What once was a fallen industry is now back in business. For the first time since 1973, the United States is the largest producer of crude oil in the world. Ever since congress lifted the 40-year ban on exporting crude oil in 2015, exports have been on the rise. The U.S. now ships all over the world to South America, Europe and areas of Asia. Research by the U.S. Energy Information Administration (https://www.eia.gov/todayinenergy/detail.php?id=38152) predicts that the U.S. will export more energy than it imports by 2020 thanks to increases in crude oil and natural gas production.
Earlier in 2018, the U.S. surpasses Russia and Saudi Arabia to become the world’s largest producer of crude oil. The EIA predicts that U.S. oil production will remain higher than that of Russia and Saudi Arabia. Production is predicted to continue to grow and remain above 14.0 million barrels per day through 2040. By 2020, the U.S. will be a net exporter of petroleum liquids as crude oil production increases and domestic consumption of oil decreases.

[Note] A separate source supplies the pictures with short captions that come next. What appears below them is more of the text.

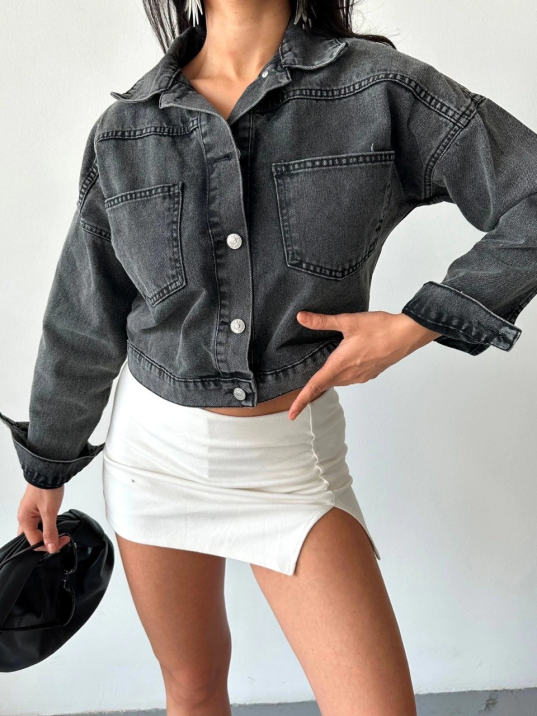 Çift cepli kol katlamalı süper taş enzim yıkama crop kot ceket füme d2000 Çift cepli kol katlamalı süper taş enzim yıkama crop kot ceket füme d2000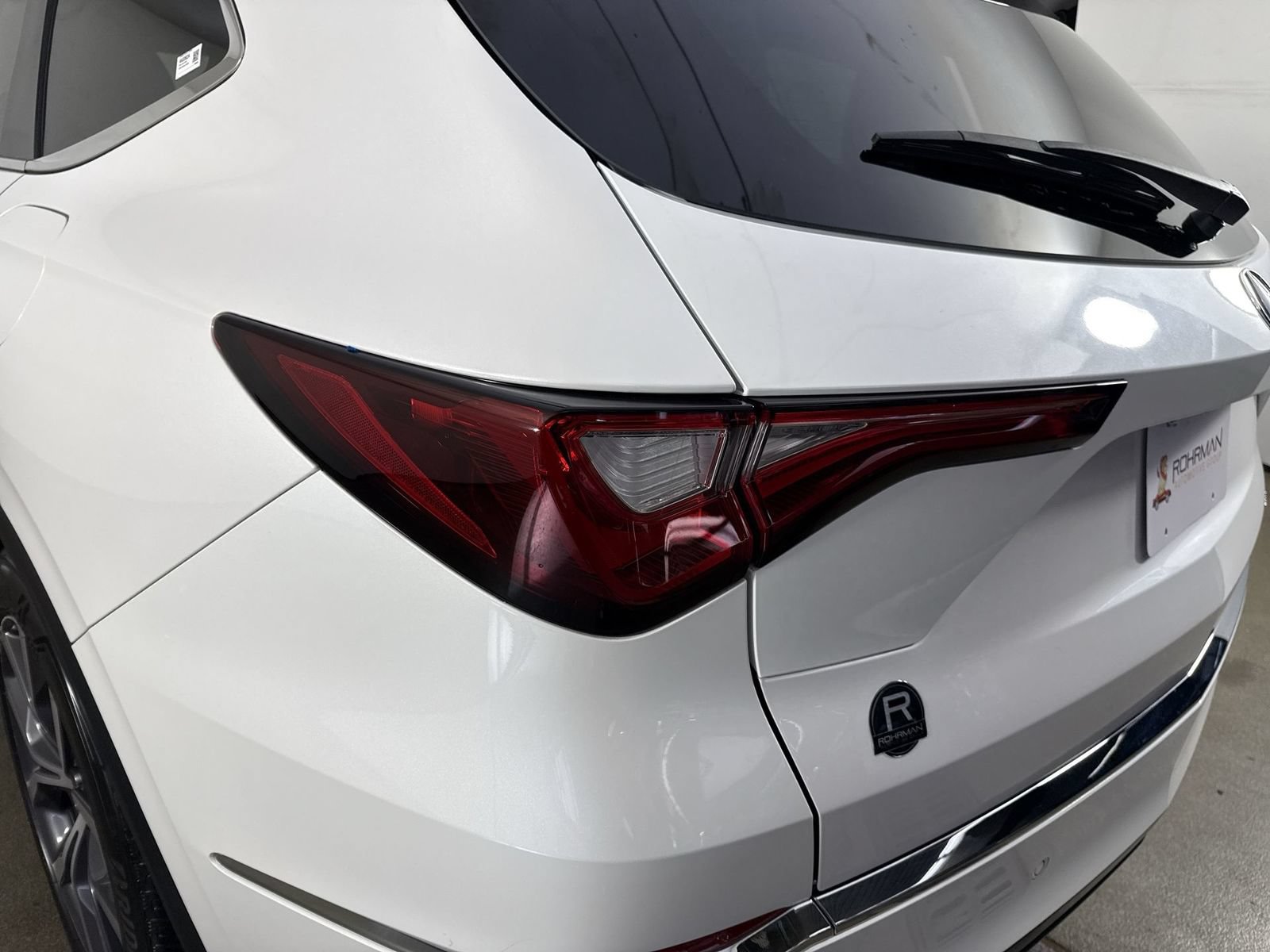 Certified 2024 Acura MDX SH-AWD w/ Technology Package image 32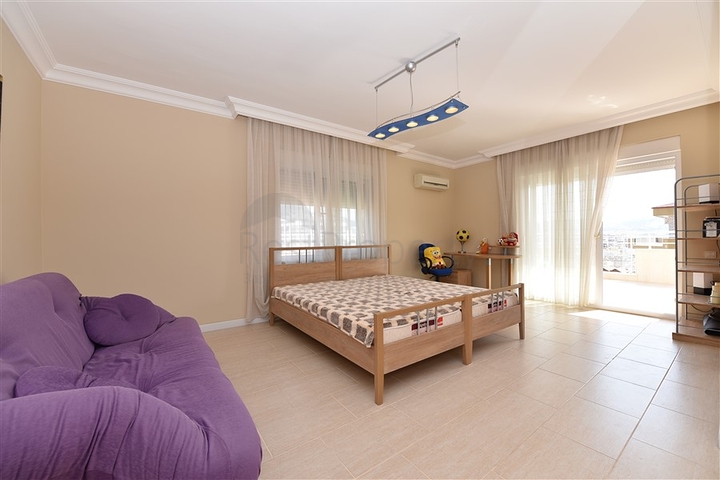 اطلالة بحر مميزة - دوبلكس مفروشة - 3 غرف وصالة -في مهموتلار / الانيا 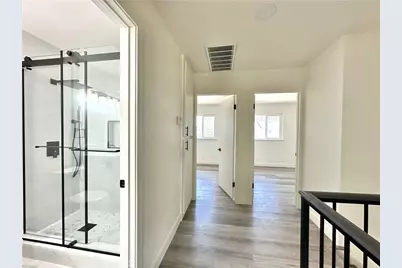 200 Carriage #B, Santa Ana, CA 92707 - Photo 32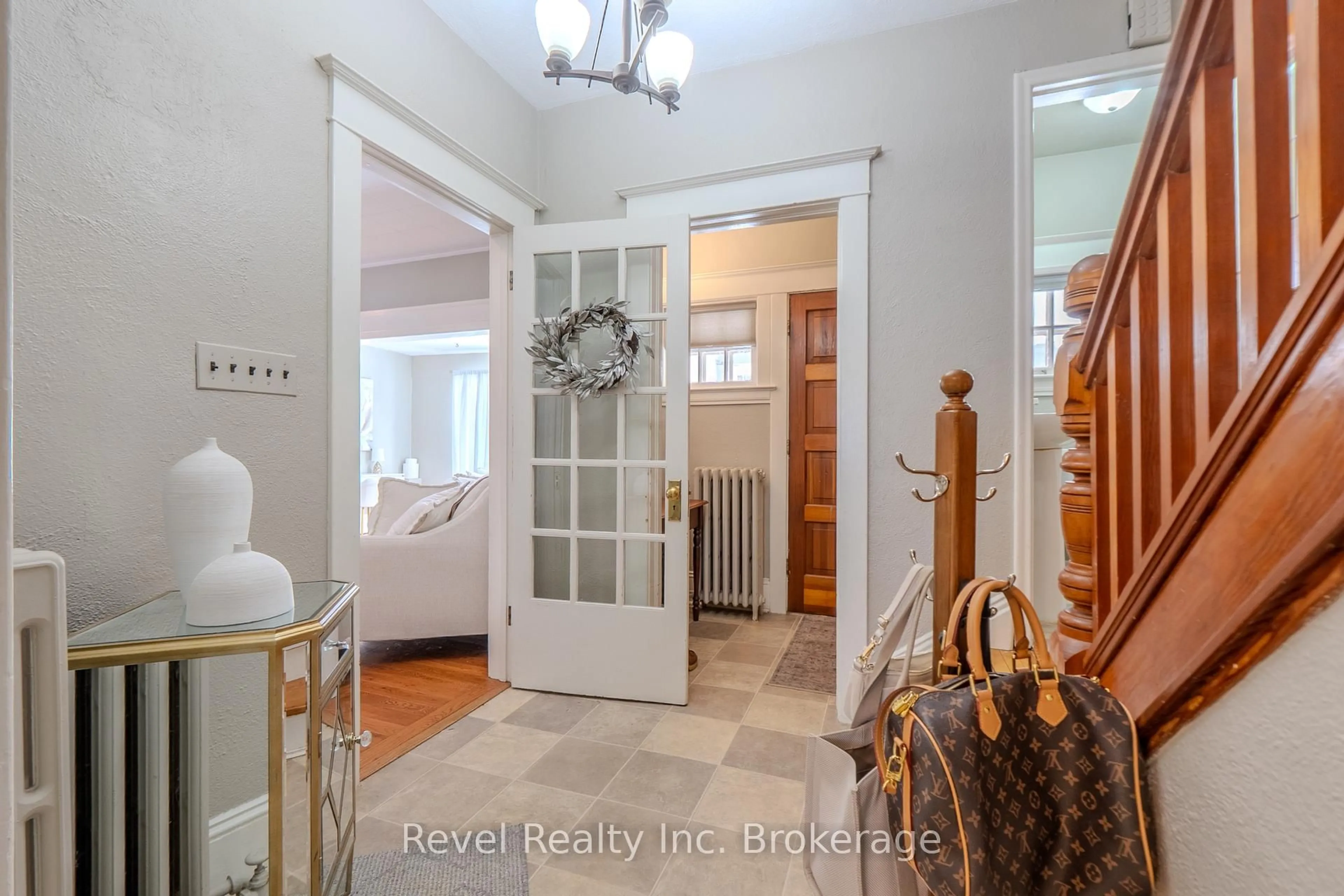 Indoor entryway for 867 Mcintyre St, North Bay Ontario P1B 3A2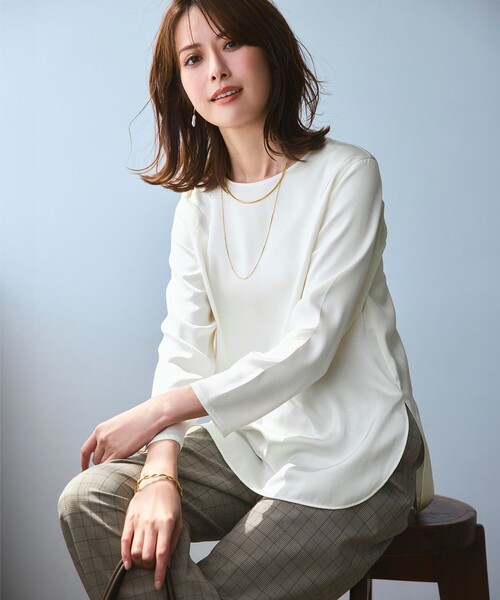 23区 L(ニジュウサンクオオキイサイズ)の「【洗える】サテン ロングスリーブ Tシャツ(Tシャツ/カットソー・レディース・ブラウン系/ライトオレンジ系/アイボリー系/スカイブルー系/グレー系・44/48/46)」の3枚目の写真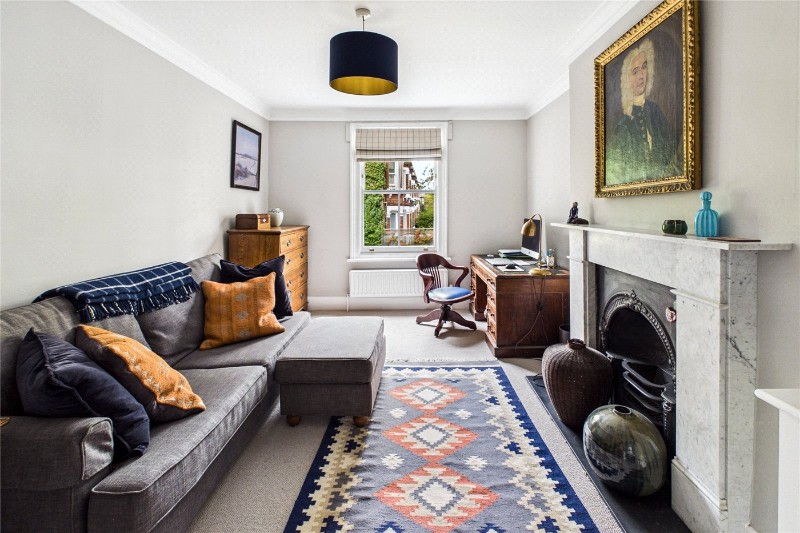 Gubyon Avenue, London, SE24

The growing production can be attributed to the U.S. shale oil boom. The Permian Basin of West Texas and New Mexico is giving Saudi Arabia’s Ghawar oil field a run for its money. Large oil companies like BP and ExxonMobil have spent billions of dollars to get into the hydraulic fracturing business within the Permian Basin.
Hydraulic fracturing, also known as ‘fracking’, allows for extraction of oils that couldn’t be reached before the technology. Fracking uses a high-pressure water mixture to drill into shale rock underground, releasing the gas inside. Not only is it effective, it has also significantly declined the cost of drilling. This has sent crude oil production soaring and has made the Permian Basin the second most productive oil field in the world after Ghawar. The basin will continue to be a large contributor to the American oil boom until the almost 50 billion barrels of crude oil are extracted.
As for natural gas, U.S. production hit a record high in 2018. Production grew by 10.0 billion cubic feet per day last year, an 11 percent increase from 2017. Net exports increased in 2018 along with production making the U.S. a net exporter of natural gas. U.S. natural gas is becoming competitive in global markets because of liquefied natural gas exports (LNG) to Canada and Mexico, which are estimated to increase until 2030 and remain stable for decades to come.